Re: [increasingly OT] How much is a kT? (and some RG stuff)
From: "Oerjan Ohlson" <oerjan.ohlson@t...>
Date: Sun, 19 Sep 1999 10:03:31 +0200
Subject: Re: [increasingly OT] How much is a kT? (and some RG stuff)
Second try - sorry if this shows up twice:
Thanks for the kTon clarifications :-) The pure *metric* system is on
its way out in Europe, though - the SI system is currently "in", and it
doesn't use calories :-/
Kent Nordstrom wrote:
> 1kg projectiles going at 2x10^6 m/s (a bit less than 0.01c)
> would have 1kT of kinetic energy. If 1" is a million km, it'd take
around 2
> minutes for a projectile to get to max range of 30". Well, you're
only
> hitting on a "6" anyhow,
But you're only hitting on a 2+ at range 0-6, when you *should* be
hitting on a D6 roll of -100 or something like that.
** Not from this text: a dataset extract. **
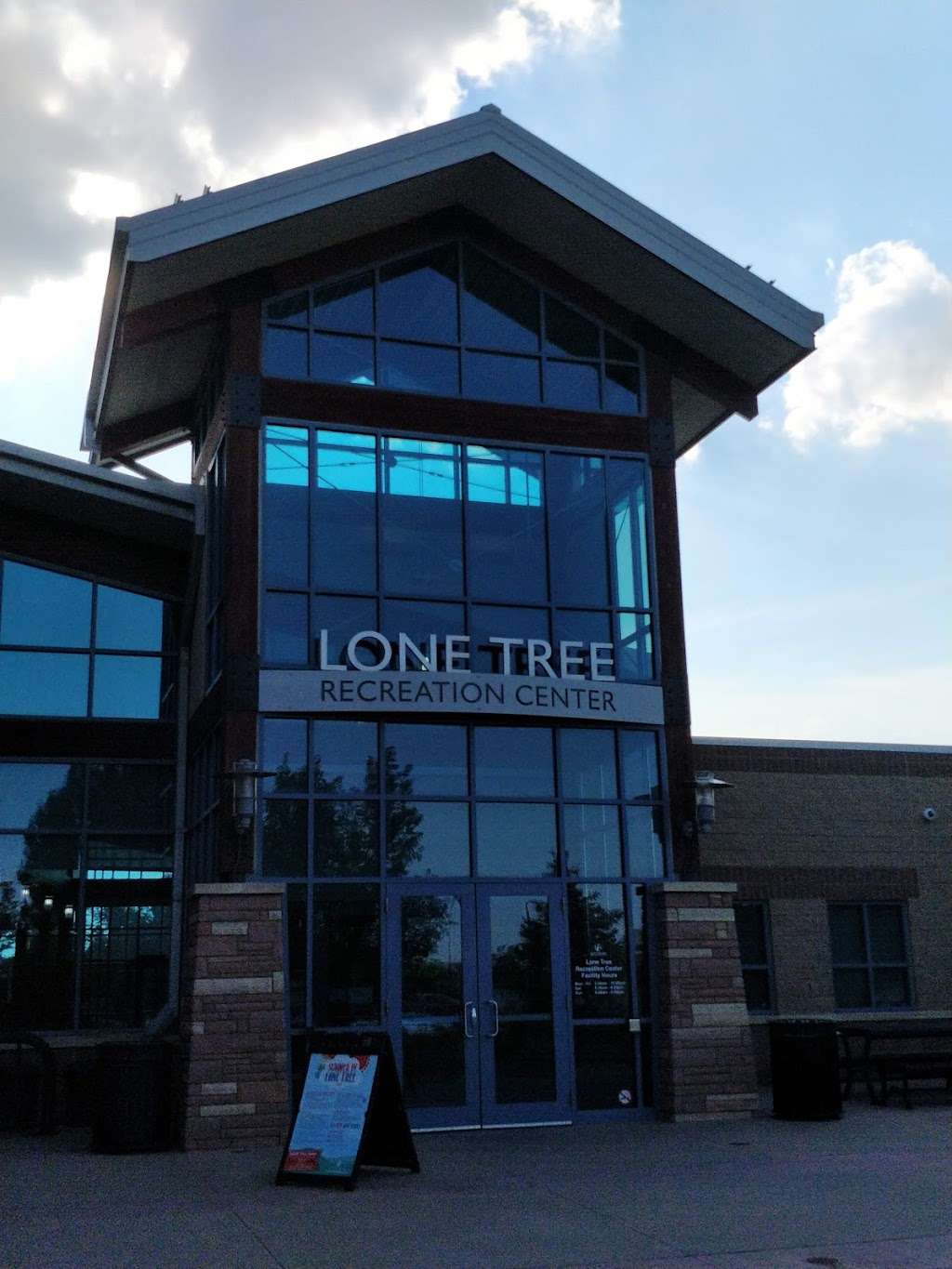 Lone Tree Recreation Center | 10249 Ridgegate Cir, Lone Tree, CO 80124, USA | Phone: (303) 708-3500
For a given targetting computer, number of slugs and slug velocity, the
hit probability depends on the distance to the target to the -4th power
(ie, if the distance to the target is doubled, your hit rate drops to
1/16th of what it used to be) and the target's thrust rating as the
-2nd power, so you'd only have 25% as high a chance to hit a thrust-4
ships as you would a thrust-2 one :-/
> Yet another side note: you'd want the
> projectiles to be very precisely machined... at least massing very
close
> to some standard amount.
Since we can manage that today - not cheaply, but we can - I don't
think that's a very big problem :-/
Regards,
Oerjan Ohlson
oerjan.ohlson@telia.com
"Life is like a sewer.
What you get out of it, depends on what you put into it."